U.S. District Judge Jeffrey White's decision to sentence San Francisco Chronicle reporters Lance Williams and Mark Fainaru-Wada to 18 months in prison is, predictably, generating a lot of noise from newspaper editorial boards. The San Francisco Chronicle, obviously, is calling for a federal shield law and denouncing White's decision.

The Oregonian calls the decision an act in the "criminalizing of investigative journalism." "…As has become distressingly common in investigations and lawsuits around the country, the journalists are facing jail time for doing their jobs," wrote the Washington Post's editorial board on Friday, also heeding the call for a federal shield law for journalists. Duke University law professor Erwin Chemerinsky argued along the same lines for a federal law in the Orlando Sentinel: "Putting these reporters in jail serves no purpose other than to chill investigative reporting that informs the public about important social and political issues."

Those calls for a federal shield law come as the Senate recently decided to postpone consideration of such a measure following Deputy Attorney General Paul J. McNulty's testimony before the Senate Judiciary Committee, during which he strongly opposed the adoption of such a law. "In imposing a burden of proof on the government, it places a thumb on the scale in favor of the reporter's privilege and tips the balance against executive branch judgments about the nature and scope of damage or potential damage to our nation's security," he said. (You can read his prepared statement here.)

At least one journalist, however, has a different sort of headline about this story: "Reporters doing what they have to -- and so is judge." While he sympathizes with the plight of Fainaru-Wada and Williams,CBSSportsline national columnist Greg Doyel isn't rallying for a shield law or denouncing White's decision:

Orders are orders, and laws are laws. And whether you like it or not, whoever leaked that testimony broke the law. And now, by refusing a judge's orders to identify their source, Fainaru-Wada and Williams are in contempt of court. That, too, is the law.

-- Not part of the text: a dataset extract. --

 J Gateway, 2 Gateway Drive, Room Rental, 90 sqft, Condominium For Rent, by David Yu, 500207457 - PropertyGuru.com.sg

Is it good, this law? Not in this case, no. Any law that helps send Williams and Fainaru-Wada to jail while the illegal-steroid-using players they wrote about -- specifically, Bonds -- are allowed not only to remain free but to keep playing ... well, that's a bad law.

But it's a law -- a real law, and U.S. District Judge Jeffrey White wasn't placed into his role of authority to decide which laws he's going to follow and which he's going to ignore. If White had the discretion to pick and choose the laws he's going to uphold, so would other judges. Soon the laws of America wouldn't be the laws of America. It would invite legal anarchy. Sounds over the top, I know. But it's true. Just because you don't like that point doesn't make it invalid.

Hey, I hate the point too. Williams and Fainaru-Wada are good guys in this story. They're certainly among the best journalists of our generation and worthy of a Pulitzer Prize, which is my profession's version of the Heisman Trophy or MVP. I am in awe of their reporting on this story, and agree with their decision not to give up their source.

For this story to be reported, though, someone had to break the law. Fainaru-Wada and Williams got their hands on testimony they weren't legally entitled to get, and even if they do spend the next 18 months in jail, I'm guessing they'd do it all over again if given the chance. What they did was real, old-school journalism, and it was fabulous.

What they're doing now, refusing to give up their source, is beyond fabulous. It's gutsier than anything most of us -- including me -- will ever do. Even so, Judge White cannot set a dangerous precedent by going easy on the journalists.

Next time there's a secret grand jury testimony, what if the target isn't a muscular jerk of a baseball player but a mobster? And what if the testimony isn't about something relatively benign like a syringe to the buttocks, but about something evil like murder? And what if, because the testimony was leaked to a newspaper, the witness who testified against the mobster gets killed in retaliation?

Doyel's opinion might not be the most popular among most journalists, but that doesn't make it any less reasonable.